How to complete this task: The output is the line containing "12v;Bateria;DFBSAMBATT;Progetti;Rescue_Sam" plus every later line down to the end of the listing below, copied exactly. No pictures belong in it.
──────── Source data
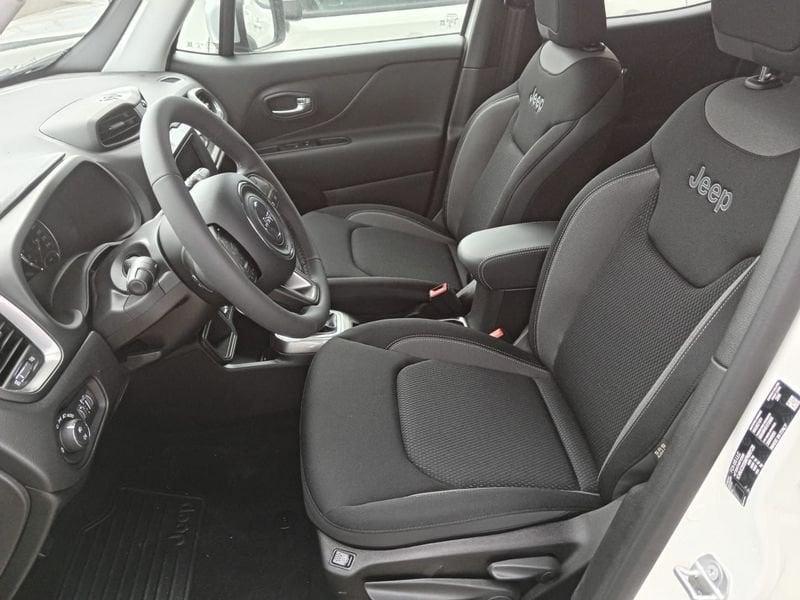 Jeep Renegade 1.0 T3 120cv Limited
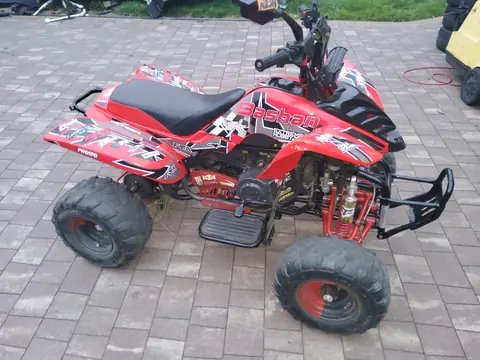 Zdjęcie 2: Quad bashan 150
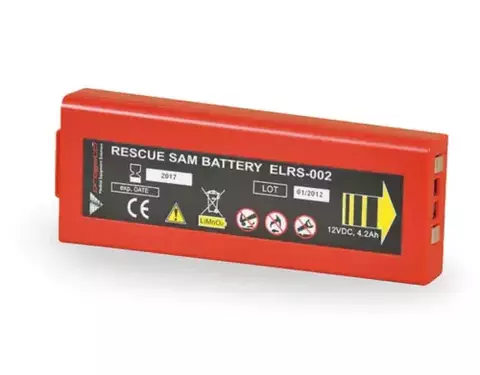 12v;Bateria;DFBSAMBATT;Progetti;Rescue_Sam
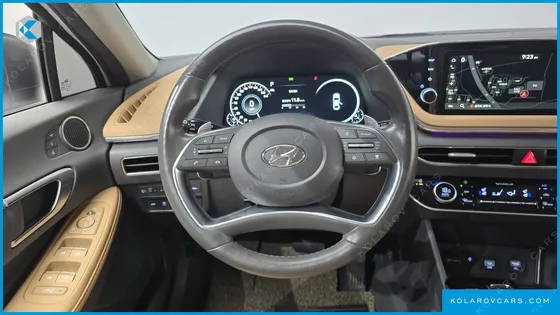 HYUNDAI SONATA 2.0
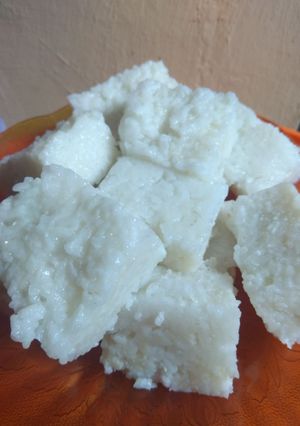 Foto resep Lontong Masak Rice Cooker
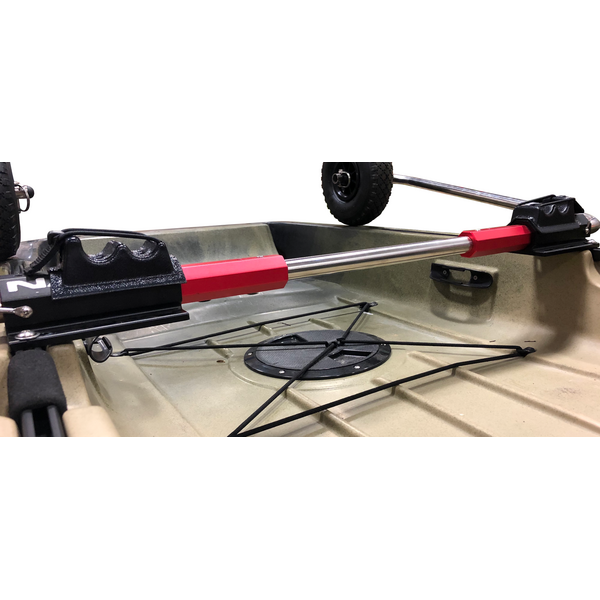 Sidekick Overmount Double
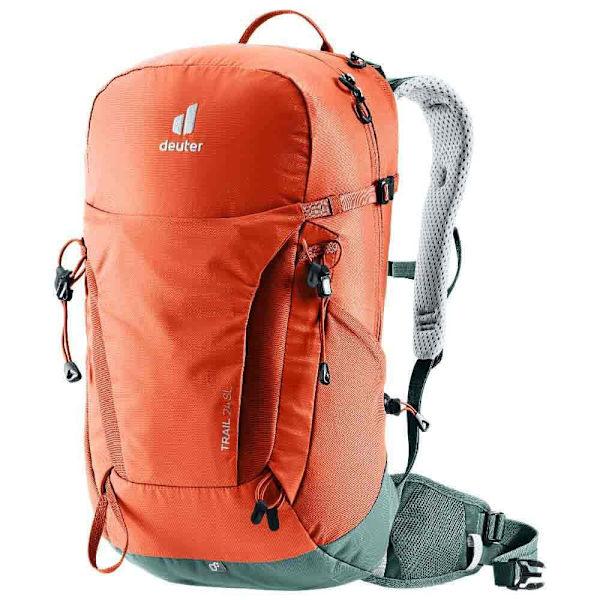 Deuter Rygsæk Trail 24 Sl Orange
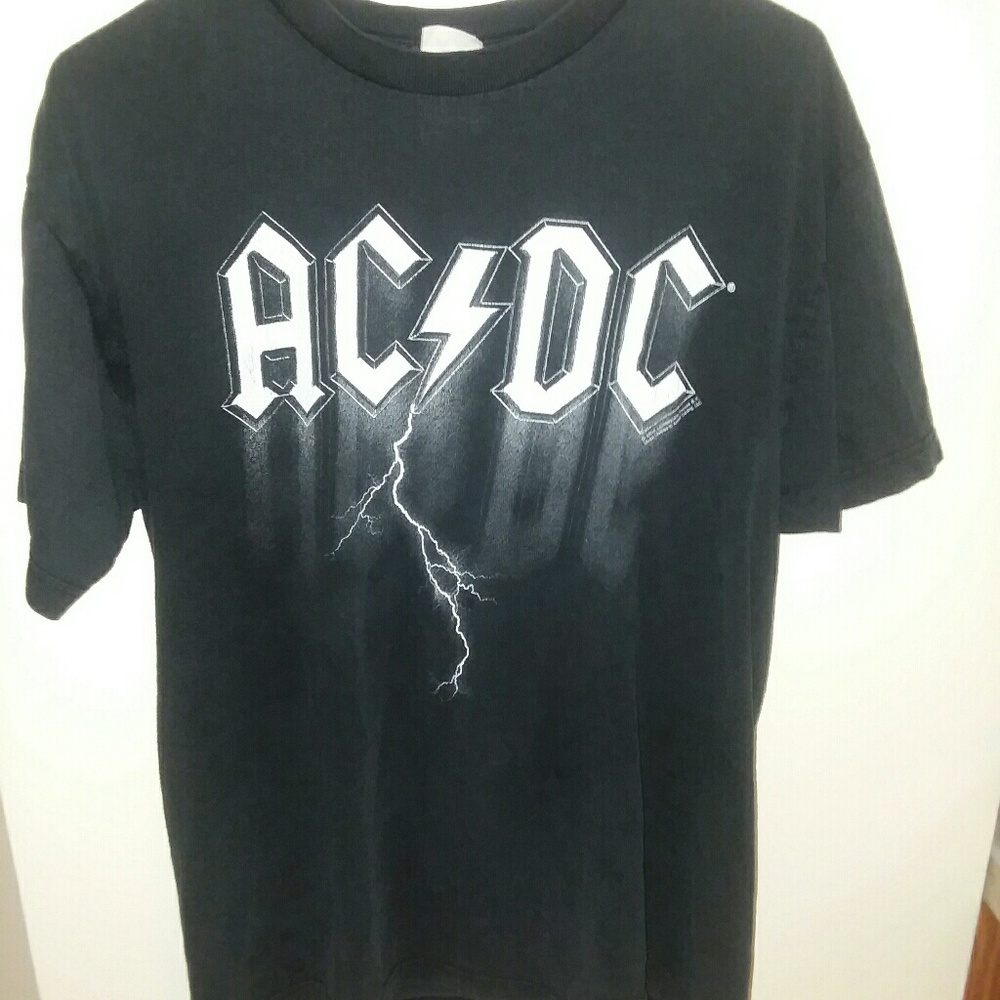ACDC tshirt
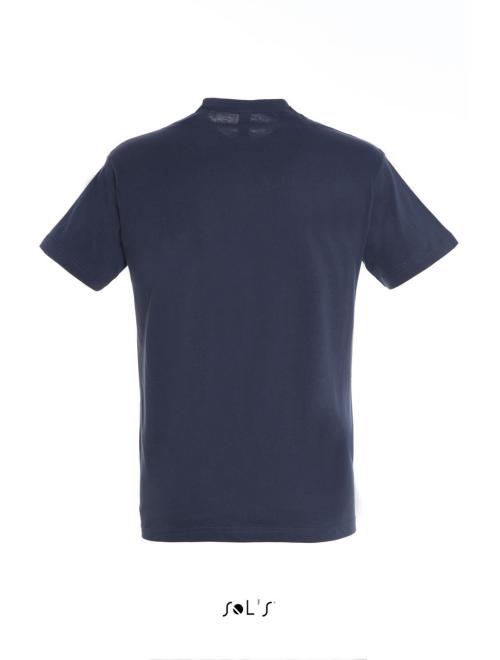 REGENT - UNISEX ROUND COLLAR T-SHIRT
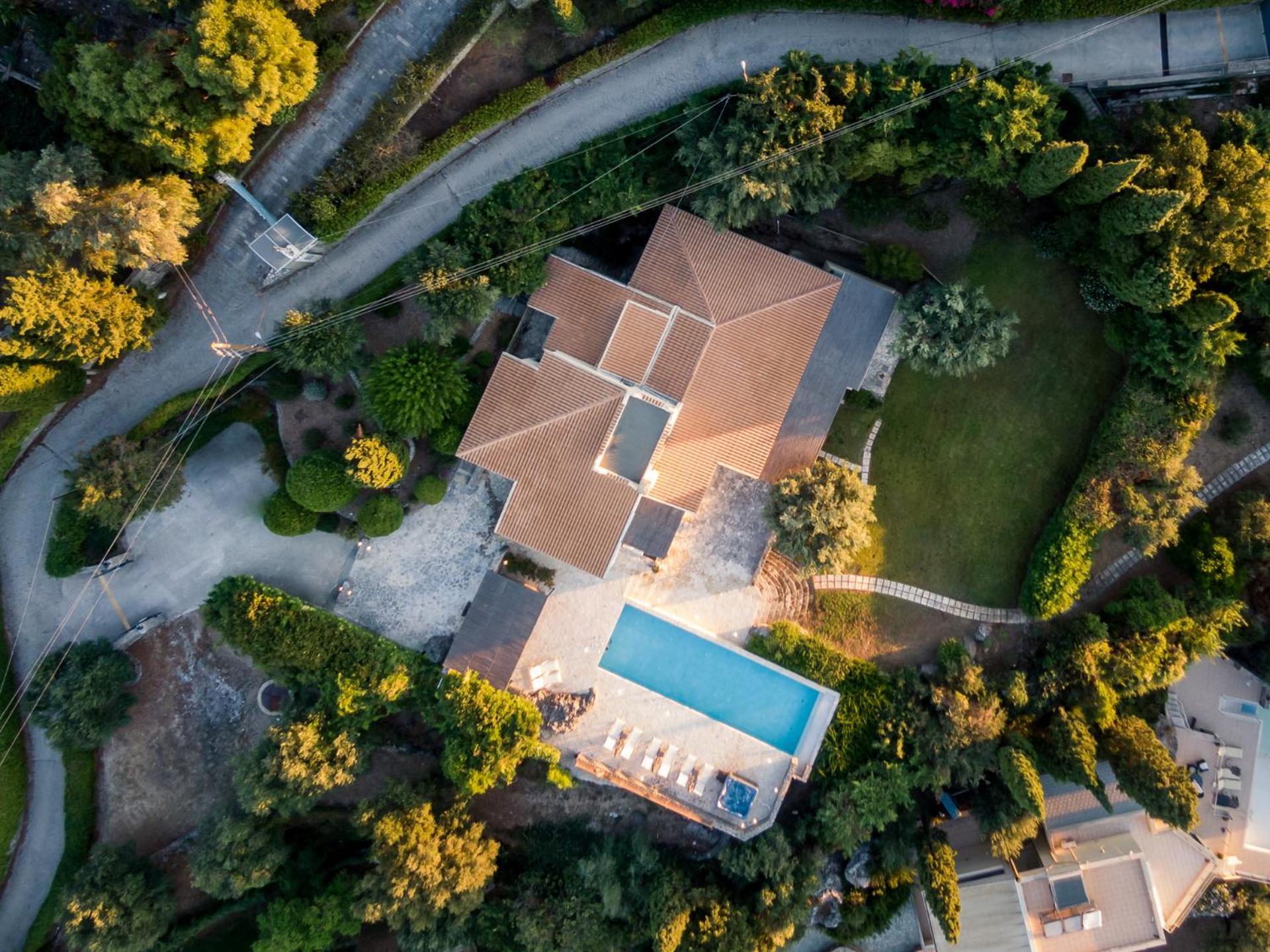 Villa Naldera Kommeno  Dış mekan fotoğraf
────────────────
Answer section:
 12v;Bateria;DFBSAMBATT;Progetti;Rescue_Sam
 HYUNDAI SONATA 2.0
 Foto resep Lontong Masak Rice Cooker
 Sidekick Overmount Double
 Deuter Rygsæk Trail 24 Sl Orange
ACDC tshirt
 REGENT - UNISEX ROUND COLLAR T-SHIRT
 Villa Naldera Kommeno  Dış mekan fotoğraf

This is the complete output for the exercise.